I agree with this -- I am keeping an open mind, and hope the results
improve. However, the lack of notification before the recent change in
Board structure took place is already an empirical bad result.
1. When the
board changes the bylaws on short notice, it sets a
precedent
for future boards to do the same.
The board restructuring and the concerns it addresses have been
concerns of the Board for a long time, and not secretly either. I
don't think "short notice" is justified.
It seems reasonable to expect that a significant change to the bylaws will
receive explicit billing as such in the agenda of any relevant board
meeting. This is not what happened. By all accounts, the decision to vote
on a significant bylaws change, and the vote itself, took place on short
notice.
You suggested no limits on what is acceptable for the board to carry out
without explicit notice. By this reasoning, a future board, after a general
discusion about structural change, could alter its composition by 30%, with
an arbitrary reshuffling of community, external, voted and appointed seats.

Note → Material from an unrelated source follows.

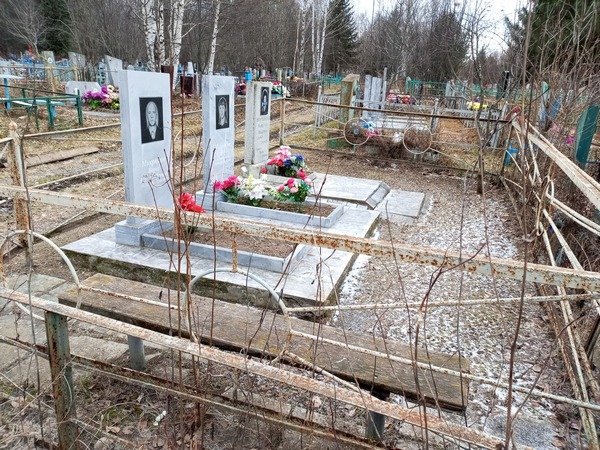 Микрюков Борис Александрович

This could lead to, say, a board that was more than half appointed, still
with only 3 community seats, and the remainder selected by some
half-appointed mechanism. Such a configuration could be permanently
self-perpetuating, with even less accountability to the community than
currently exists.
As an aside -- the Foundation is coming to see itself
as "a multi-
million
dollar non-profit" and not "a foundation to support and expand a
polylingual
collaborative the size and output of the Marshall Islands".
These two notions do not stand in any logical opposition to each other.
True, and I hope they will not so opose. But practically, when priorities
have to be drawn, I currently see (or just imagine?) a focus on the
trappings of the former and not the civil services of the latter.